Start of Source material

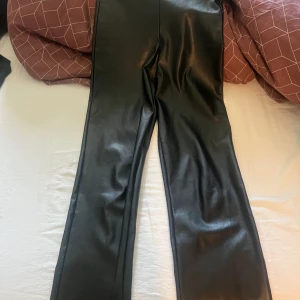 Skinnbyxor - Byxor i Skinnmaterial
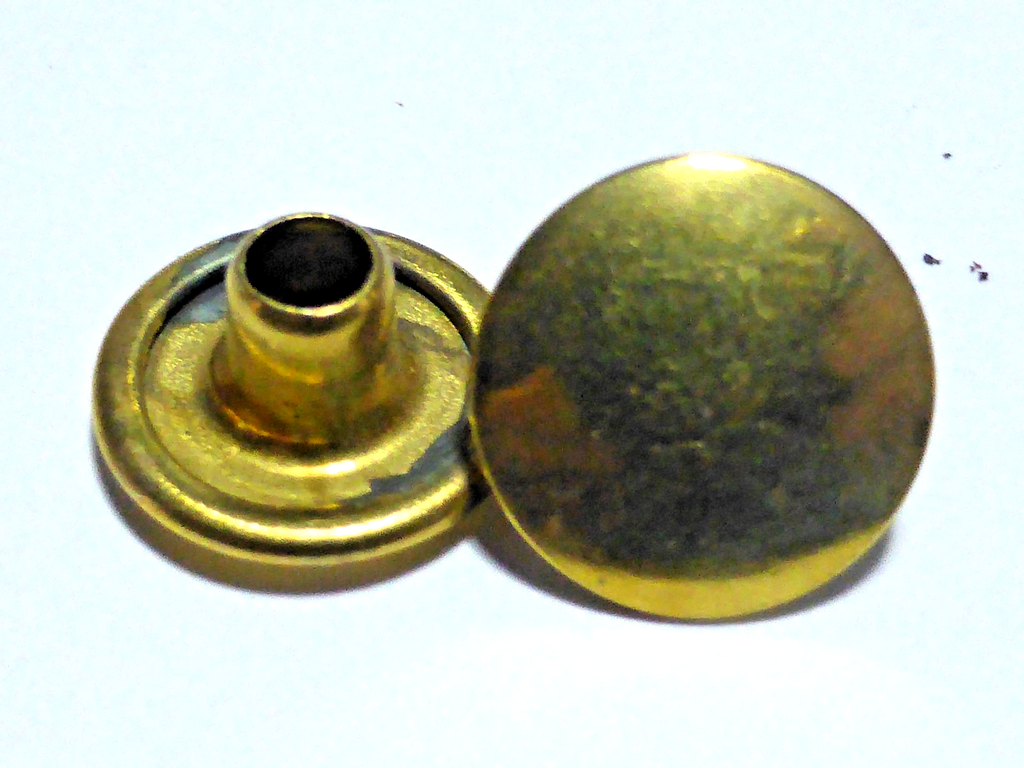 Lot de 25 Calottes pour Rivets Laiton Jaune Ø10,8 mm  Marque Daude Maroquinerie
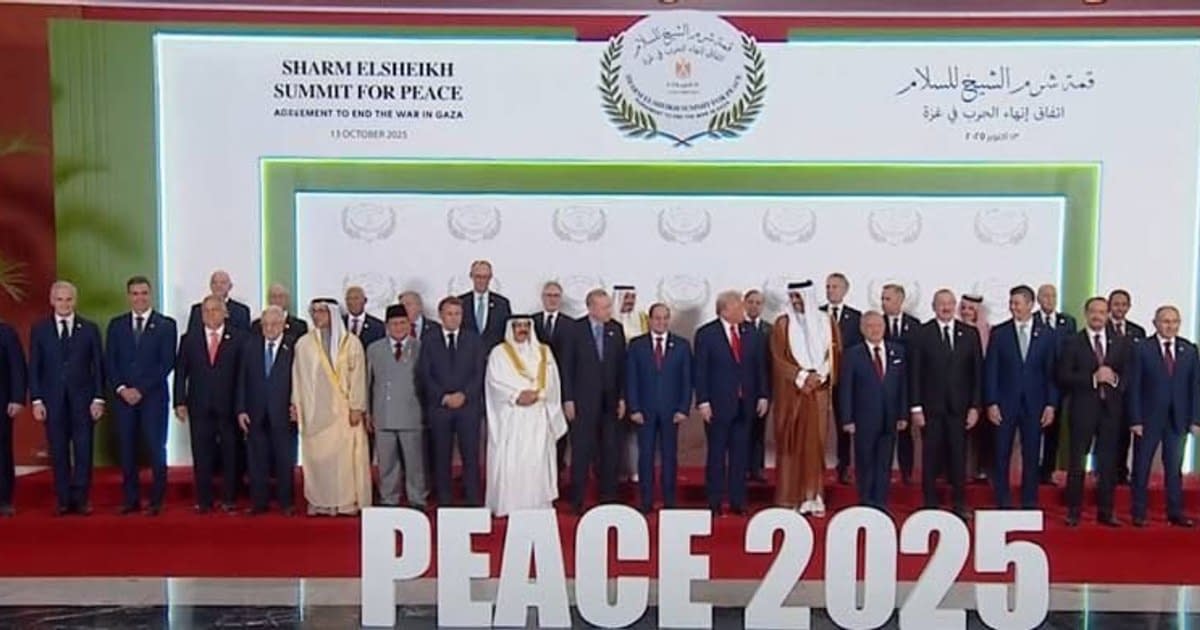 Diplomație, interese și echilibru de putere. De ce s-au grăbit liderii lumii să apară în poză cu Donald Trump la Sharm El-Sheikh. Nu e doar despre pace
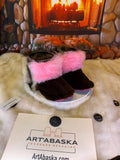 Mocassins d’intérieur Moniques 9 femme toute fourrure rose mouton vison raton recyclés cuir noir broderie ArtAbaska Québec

End of Source material
Start of Source material

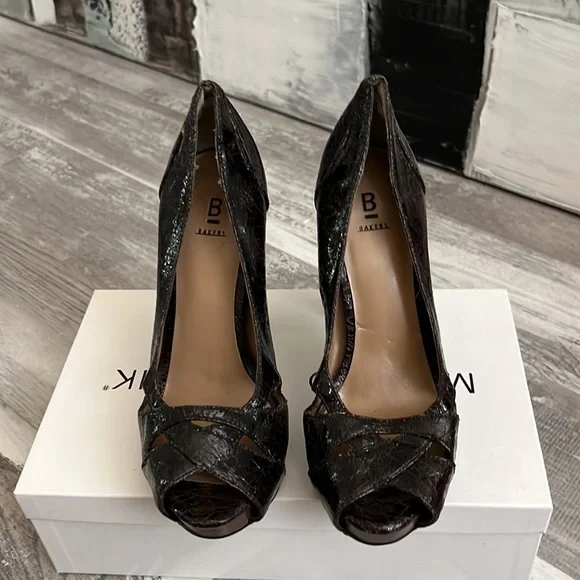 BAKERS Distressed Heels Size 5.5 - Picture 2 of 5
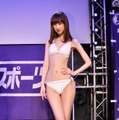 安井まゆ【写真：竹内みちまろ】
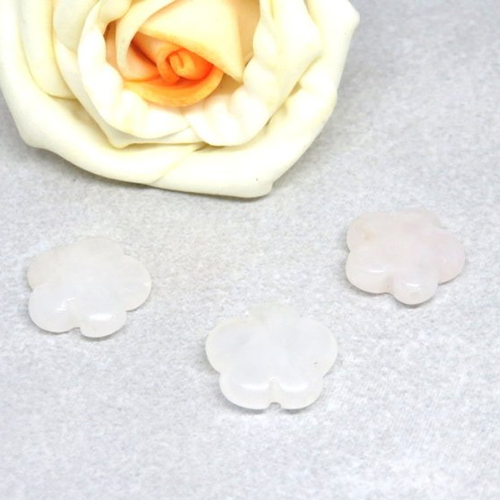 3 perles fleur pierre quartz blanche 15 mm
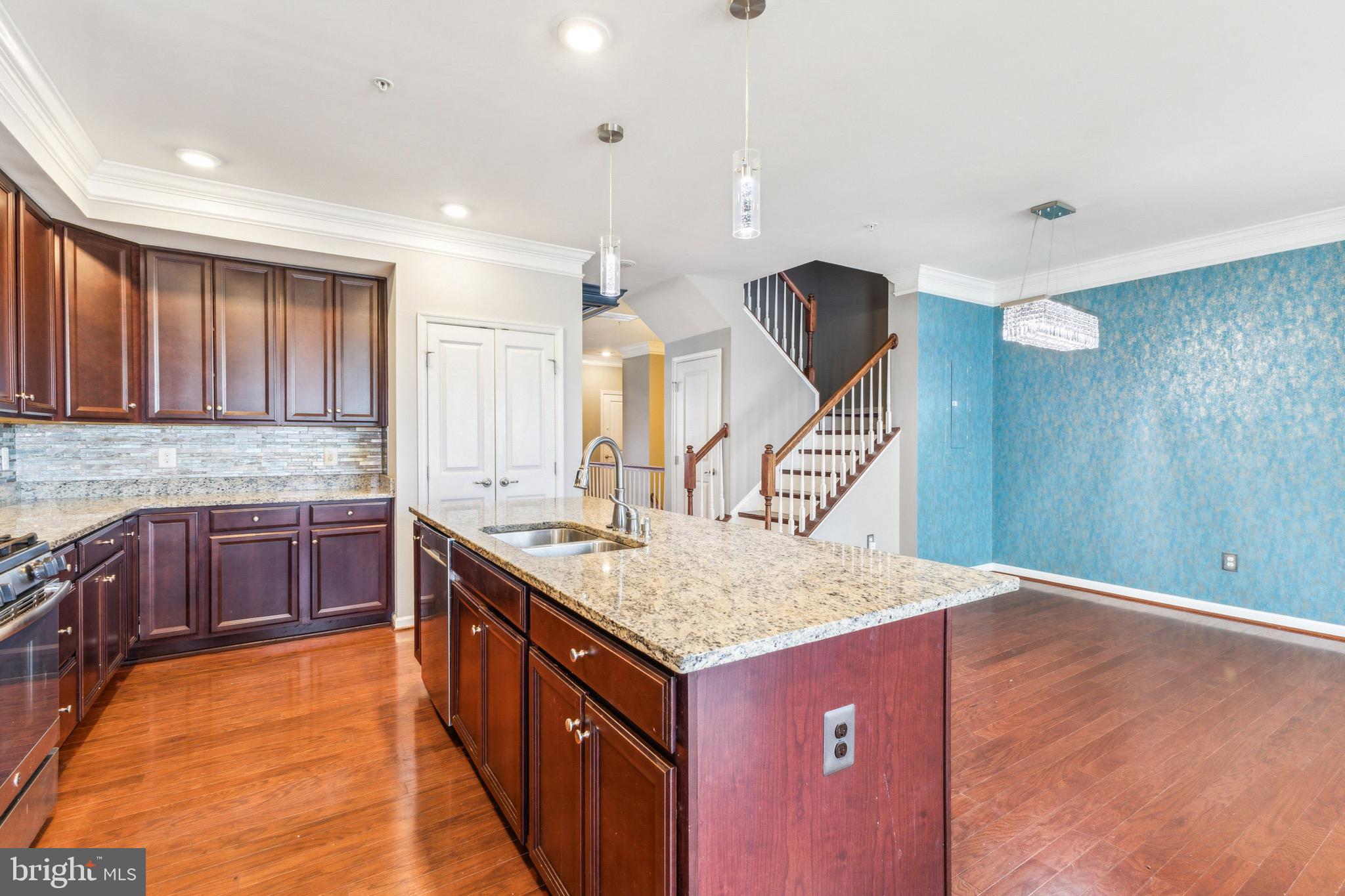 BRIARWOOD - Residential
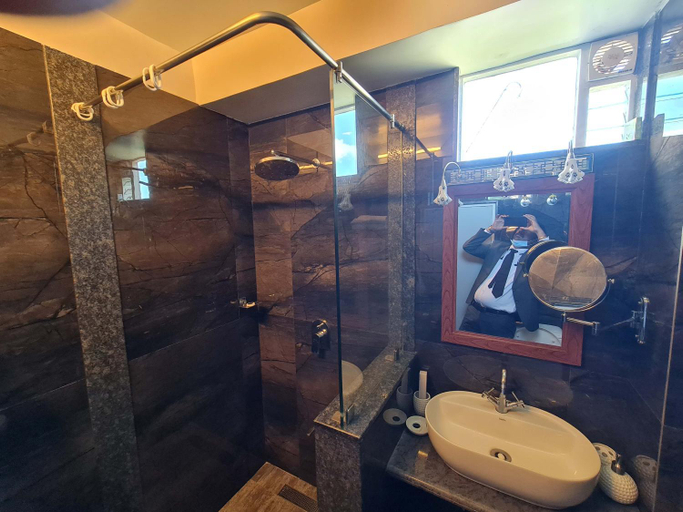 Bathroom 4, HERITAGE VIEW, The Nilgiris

End of Source material

Output only the stretch above from the line with "Skinnbyxor - Byxor i Skinnmaterial" through the line with "Diplomație, interese și", reproduced exactly. Exclude pictures.

 Skinnbyxor - Byxor i Skinnmaterial
 Lot de 25 Calottes pour Rivets Laiton Jaune Ø10,8 mm  Marque Daude Maroquinerie
 Diplomație, interese și echilibru de putere. De ce s-au grăbit liderii lumii să apară în poză cu Donald Trump la Sharm El-Sheikh. Nu e doar despre pace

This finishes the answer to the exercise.